It does really well on "AA-Omniscience Non-Hallucination Rate", far higher than DeepSeek, GPT 5.5 or Fable. I really like that benchmark because it's one of the few benchmarks that allows LLMs to elect not to answer if they are unsure and punishes them for trying to bullshit their way through the benchmark
It took me a while to figure out how to interpret the benchmark correctly, because on the overview page it says "AA-Omniscience Non-Hallucination Rate," but on the benchmark page https://artificialanalysis.ai/evaluations/omniscience#aa-omn...
it said "the lower, the better." Eventually, I realized that the "non" reverses the scores. And indeed, the results are consistent.
That one is a bit sus to me, because the models that do the worst on Omniscience Accuracy do the best on non-hallucination. The top model for this benchmark is "MiniCPM5-1B (Non-reasoning)" which gets a whopping 99% vs 45% for Fable 5.
I'd love to see a good hallucination benchmark, but this isn't one. There's no possibility that a 1B model hallucinates less than Fable 5.

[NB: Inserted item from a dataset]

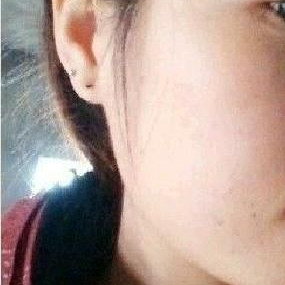 激光祛除痘印讓我又恢復(fù)了自信生活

This implies that other benchmarks (for which every AI provider is optimizing?) are actively encouraging bullshitting?
The issue with having a "no answer" option is that you implicitly add a decision problem into your test that depends on the "cost" of answering wrong.
Specifically, your model now has two "correct" classes p(class=y|x) and p(class=⊥|x). This makes the results ambiguous. The way you resolve this is by adding in a cost of missclassification and a cost of answering wrong.
L(y, y') =
0 if y=y' l_err if y≠y' and y'≠⊥ l_⊥ if y' = ⊥
You can then estimate the expected error over your dataset. Notice that this now gives you additional degrees of freedom: Depending on how expensive answering wrong is compared to not answering at all, your predictor might be really bad or really good.
This means when benchmarking with a "no answer" action, you are often not actually benchmarking whether the model works well or not, but rather are benchmarking how well the model _happens_ to agree with the class-error weight you (implicitly) chose in your model.
There is a tradeoff where as factual accuracy increases, creativity decreases, and the model becomes more "rigid" and less general. Unfortunately it seems that creativity is a good quality for reasoning and ultimately problem solving.
So we have a situation where models that can solve challenging problems, also tend to have problems with hallucinating, but those hallucinations seem be the breeding ground for the solutions that got them high "Wow" factor intelligence.
Yes. Most benchmarks just measure how many answers are correct. The best way to optimize that is to confidently state something, in hopes it's correct. Which is exactly how most LLMs behave, despite plenty of evidence that they do know whether they "know" something
if this is the case, then GLM 5.2 model seems better than gpt 5.5 or maybe even "Fable" depending upon what you are trying to achieve.
Fable model being removed from Anthropic because of security concerns by the US government (or well, also partially because of the personal vendetta between US govt and Anthropic)
Bullshitting is how LLMs work. It doesn't require active encouragement. All it takes is a machine without consciousness or physical access to the world and an actually-lived life. A training set that contains lots of confident answers and few to no refusals doesn't help either.
It's simpler than that.
An LLM outputs tokens, one-by-one. It stops the loop if it outputs the end-of-text token. Which is, of course, statistically much rarer than any other kind of token.
(This is why you cannot, in general, prompt an LLM with something like "don't answer if the result is correct". It has to output something, by design.)
A lot of benchmarks are setup to not punish false positives (irrelevant answers or extra text) and punish false negatives (missing the snippet being looked for).
This leads to answer bloat and/or hallucination if you benchmaxx on those
They are, especially multiple choice questions. The same happens with humans exams:
Let's say there are 100 questions, with 4 answers each. A good answer is worth 1 point. By just guessing you get an average of 25/100, way more than 0/100 by not replying.
If instead a wrong answer is -1 point, by just guessing you get on average -75/100, way worse than 0/100.